Photo: Franck Faugère/DPPI
Laure Manaudou VS Federica Pellegrini
Là, on parle d’une rivalité dans les bassins, mais aussi en dehors, et je pense la plus grosse rivalité que l’on ait connue, que ce soit médiatiquement, au niveau des coachs (Philippe Lucas les a entrainées toutes les deux), sur le plan sentimental également avec les histoires de petits-copains… Tout cela mis bout à bout faisait la une à chaque fois. Laure avait été Championne olympique en 2004, une star.

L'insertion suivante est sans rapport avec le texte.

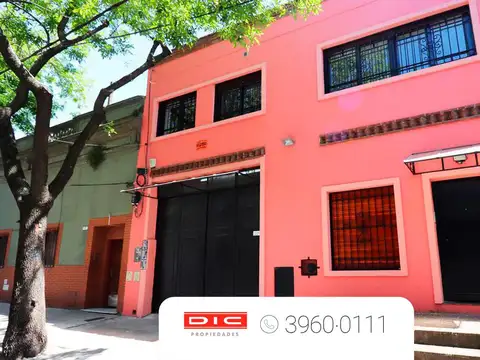 Nave Industrial Venta - La Boca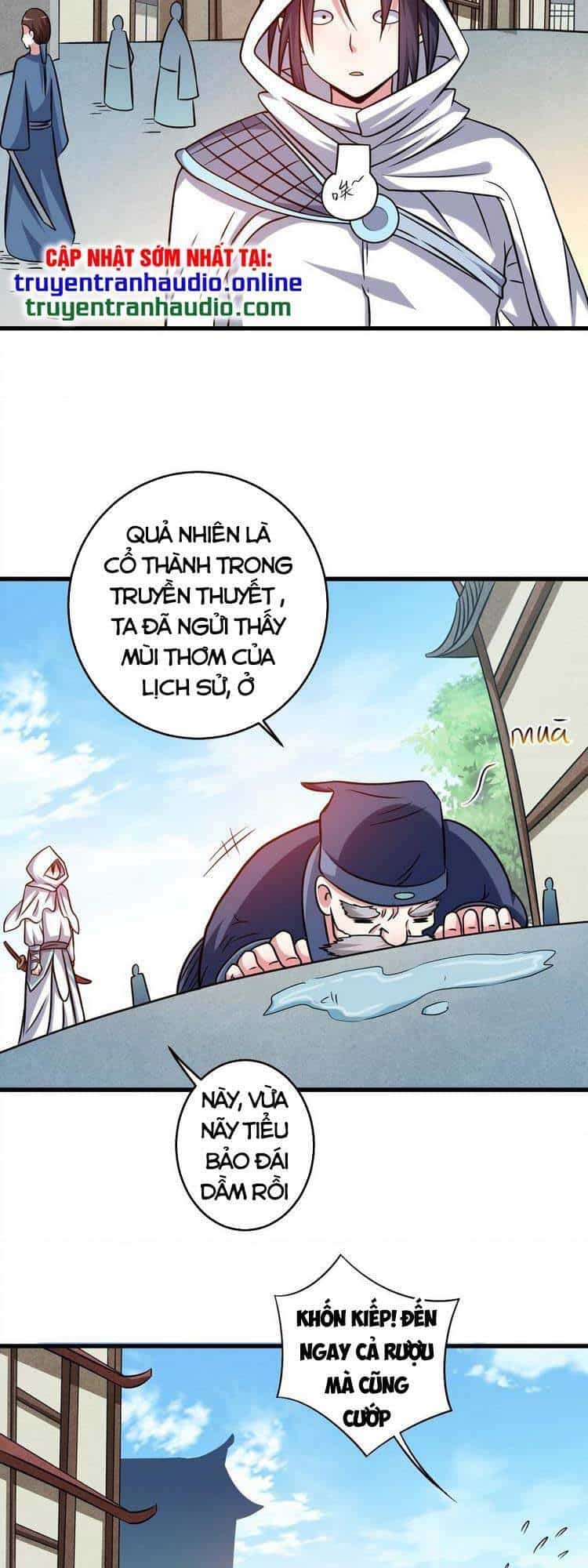 Đệ Tử Của Ta Đều Là Súp Bờ Thần - Chương 115 - ảnh 3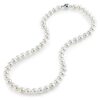 THE PEARL SOURCE 7-8mm AAA Quality Round White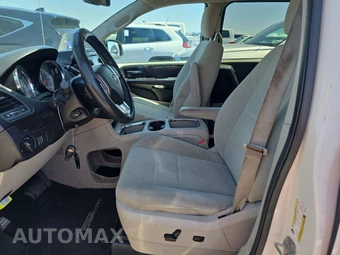 2012 Dodge Grand Caravan SXT 121.2" WB – miniatura 7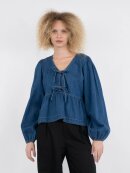 Neo Noir Bluse - Dame - Bluser - Neo Noir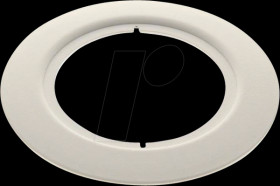 ED-10035 Padding ring for spotlight, round, white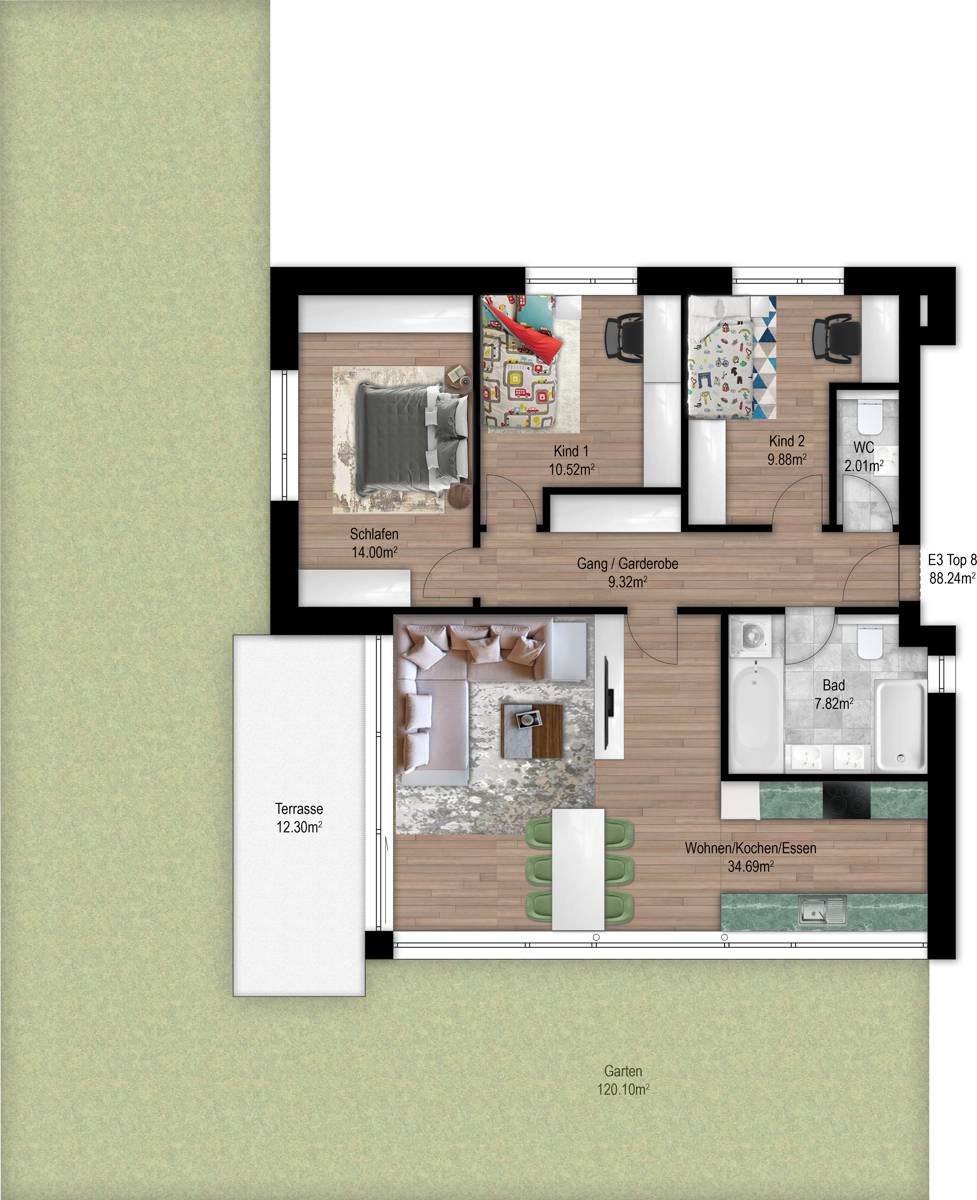 Grundriss 1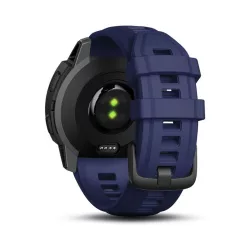 Garmin Instinct 1/2 kompatibilis szilikon pótszíj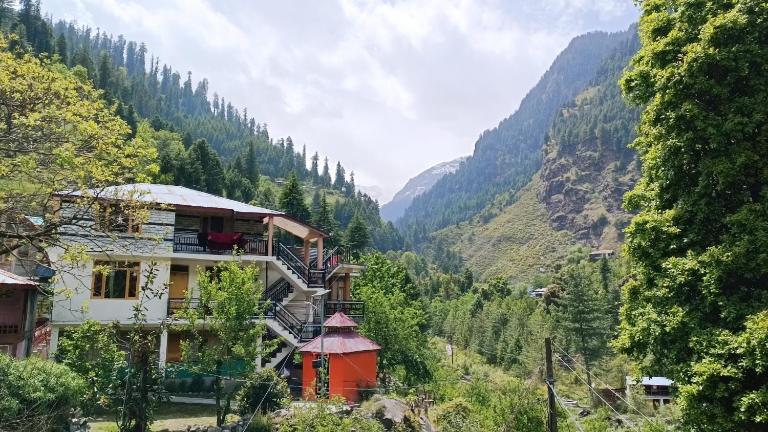 The Mystic Heaven - B&B Manāli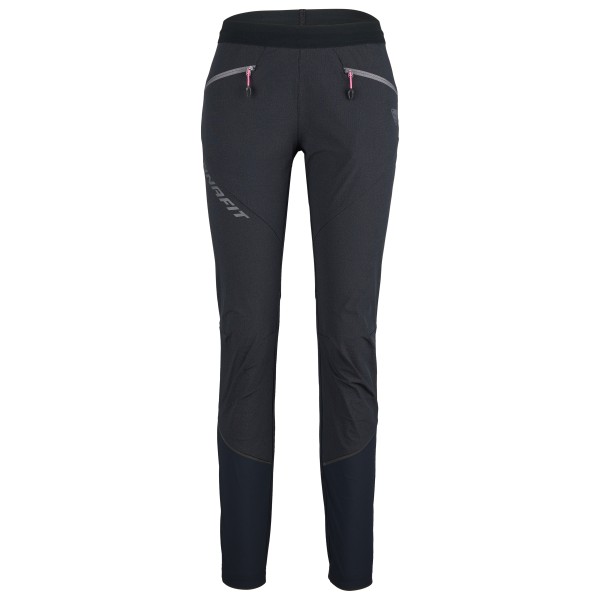 Dynafit - Women's Traverse DST Pant - Trekkinghose Gr L;M;S;XL;XS oliv;schwarz von Dynafit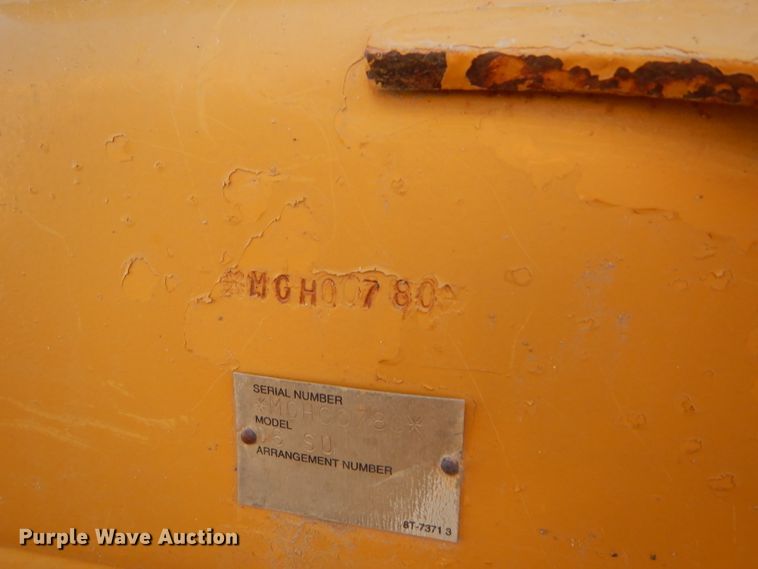 image for item DD4521 2007 Caterpillar D6R XL Series III dozer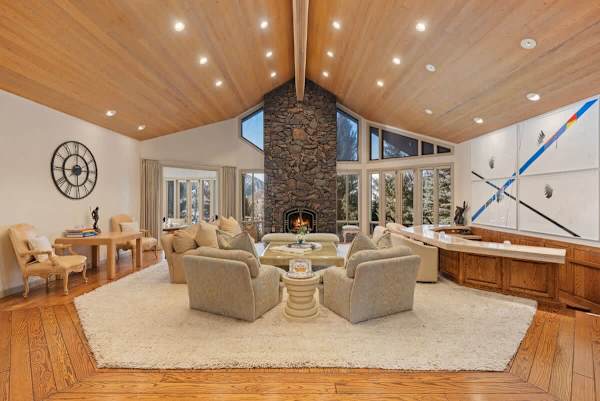 Abode at Fairway Estate, stunning private estate, near Sun Valley
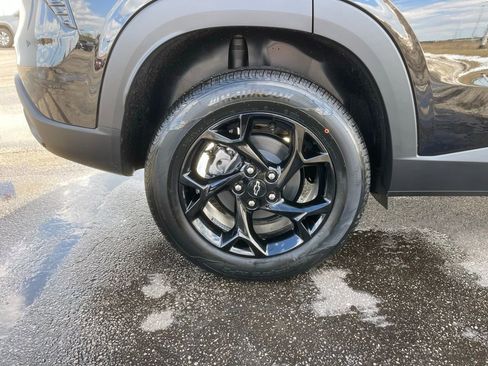 New 2026 Chevrolet Trax LT w/ Midnight Edition image 28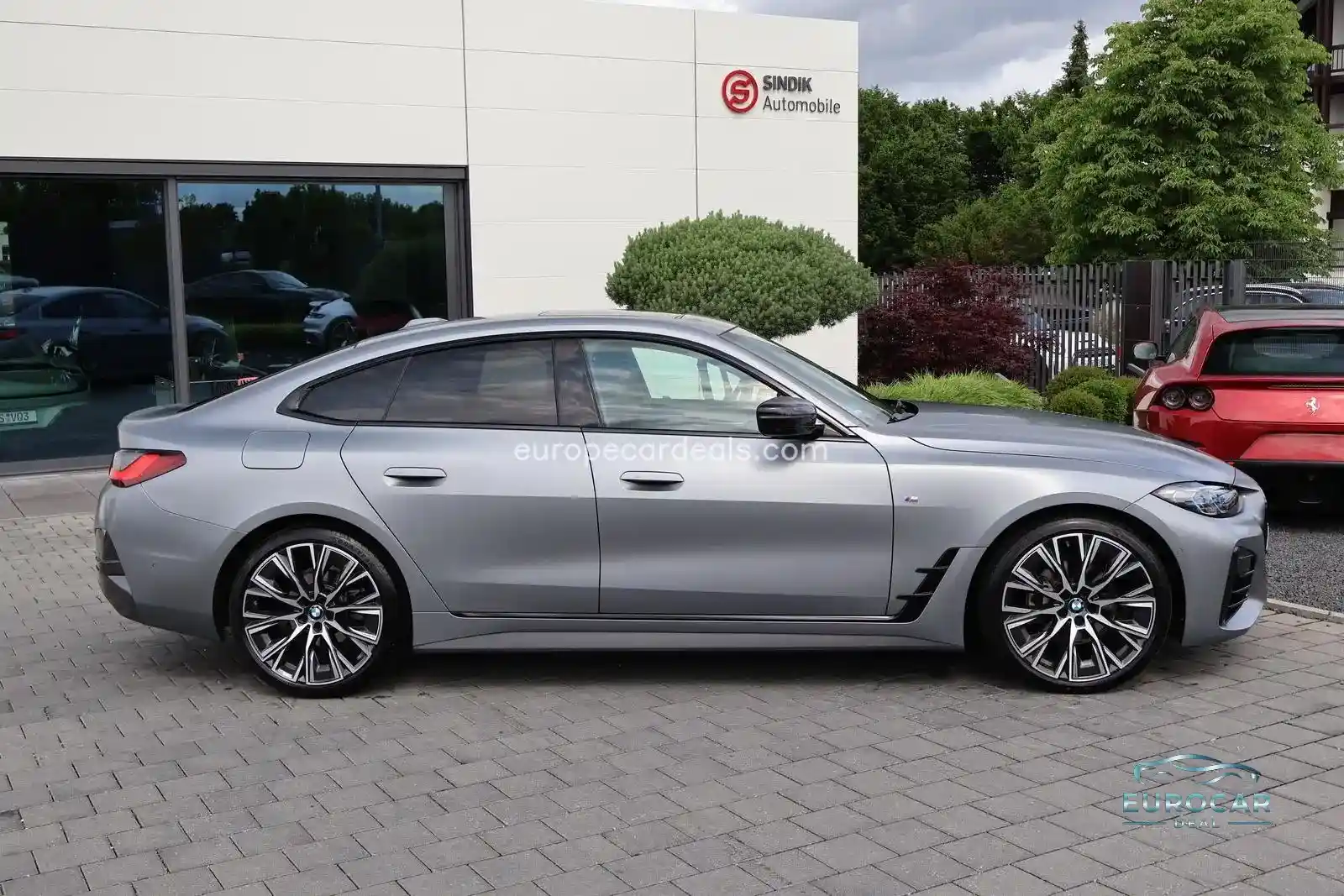 BMW 420 Gran Coupé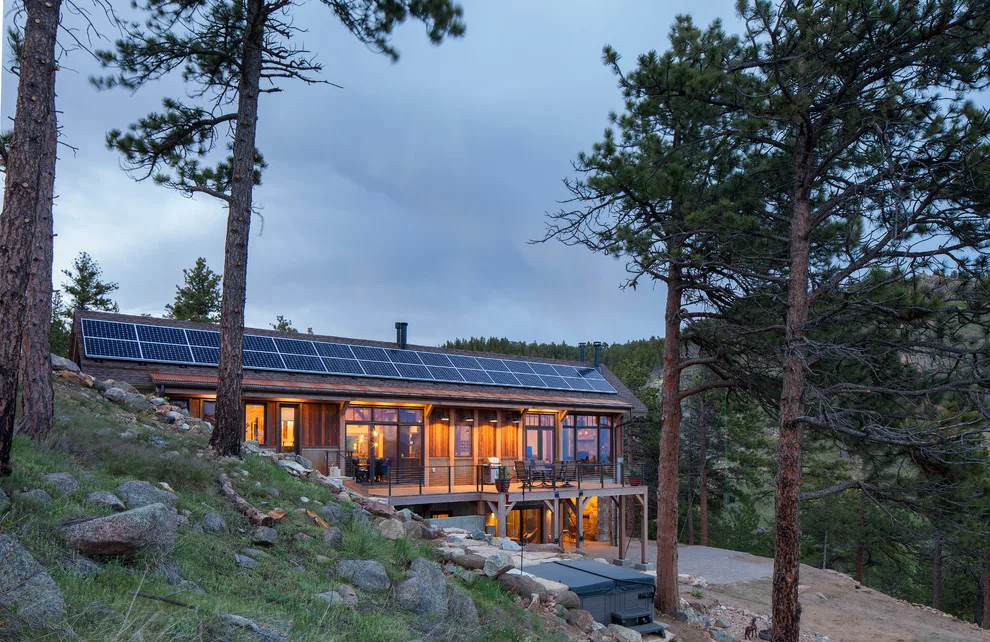 Four Mile Valley by Tabberson Architects - Photo 9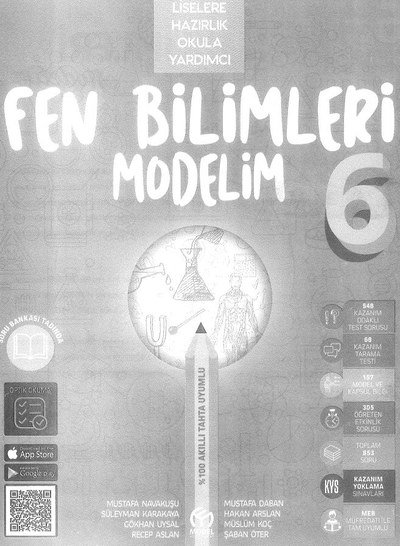 FEN BİLİMLERİ MODELİM Vega Efsanesi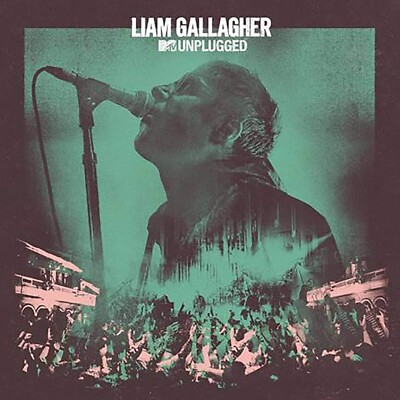 Liam Gallagher - MTV Unplugged (2020)  Limited CD + Poster NEW/SEALED SPEEDYPOST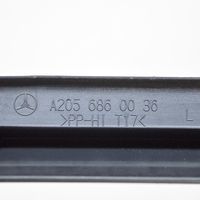 Mercedes-Benz EQC B-pilarin verhoilu (yläosa) A2056860036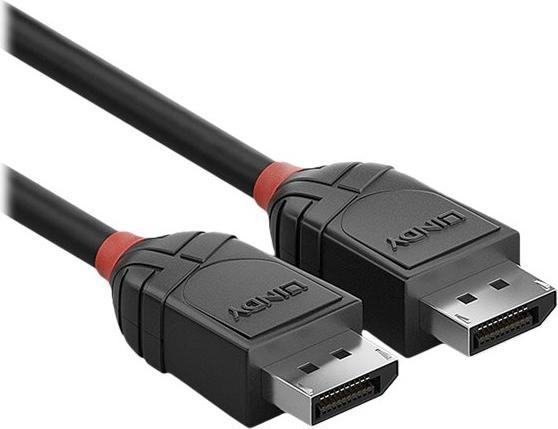 Produktbild Lindy DisplayPort — DisplayPort (0.50 m, DisplayPort)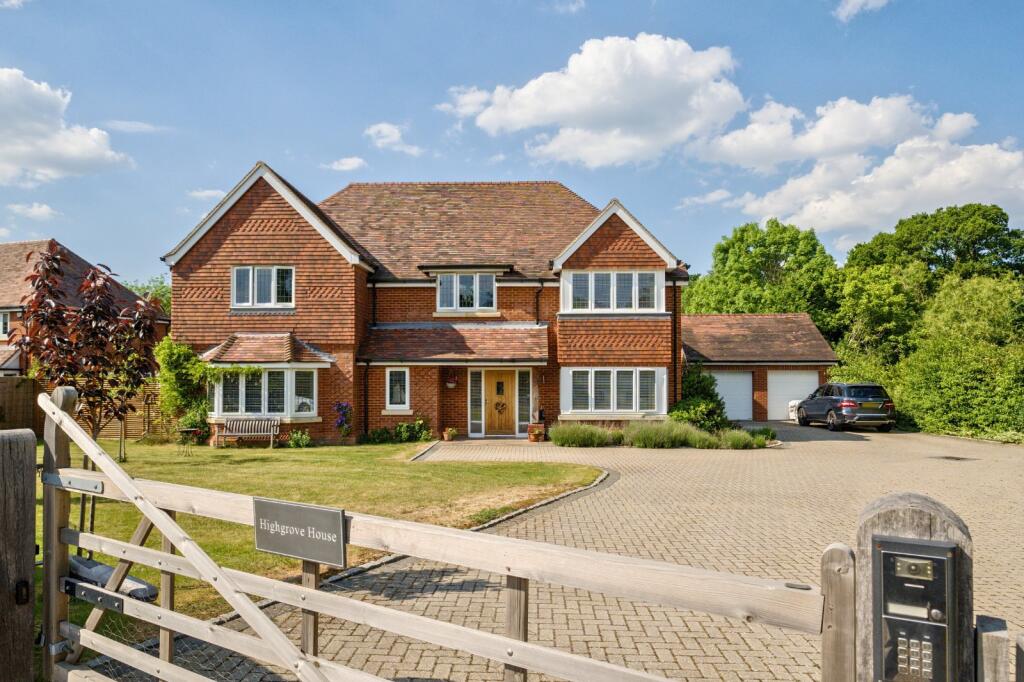 Main image of property: Bagshot Road, Chobham, Woking, Surrey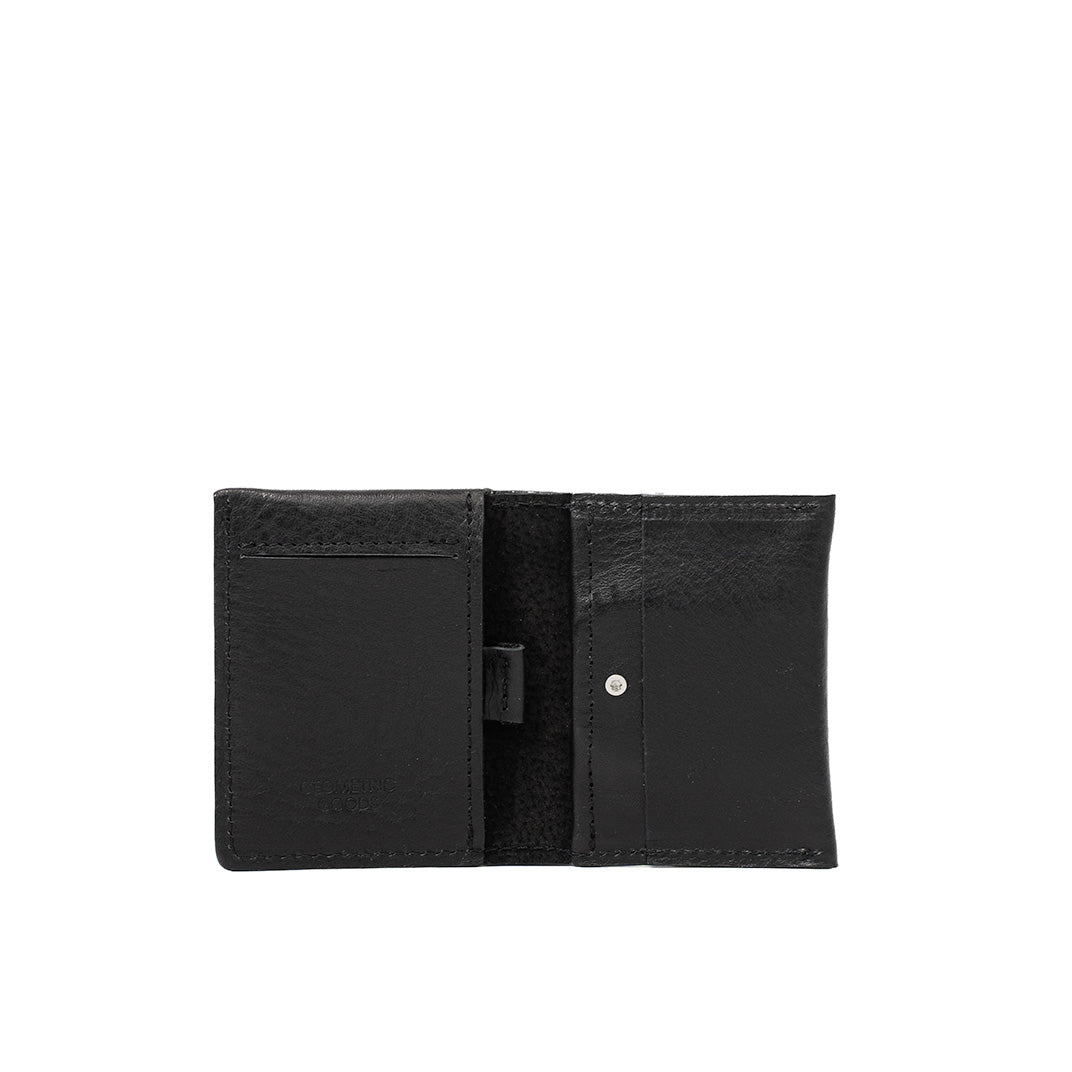 Leather Card Wallet for AirTag - The Minimalist 5.0-5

Elle avait aussi largement dominé les Mondiaux 2005 et 2007 sur 200 et 400M NL. Souvent Laure Manaudou a pris l’ascendant mais il y a eu cette transition quand elle a commencé à stagner, ou quand elle a commencé à décliner au fur et à mesure… C’est à ce moment-là, et notamment en 2008 que Pellegrini prend le relais. Il s’agissait plus d’une rivalité à distance mais pas dans l’eau… En fait, Laure a perdu pied et n’était plus au niveau. Pellegrini a ensuite pris les commandes, et les a gardées. Laure, c’était l’entrainement mais en même temps en s’entraînant avec Philippe, il fallait nager et nager… Ce n’était pas une sprinteuse Laure Manaudou. Pellegrini, c’était un peu le même genre mais avec un incroyable finish. Sur la dernière longueur, c’était la meilleure, capable de rattraper 3-4 nageuses.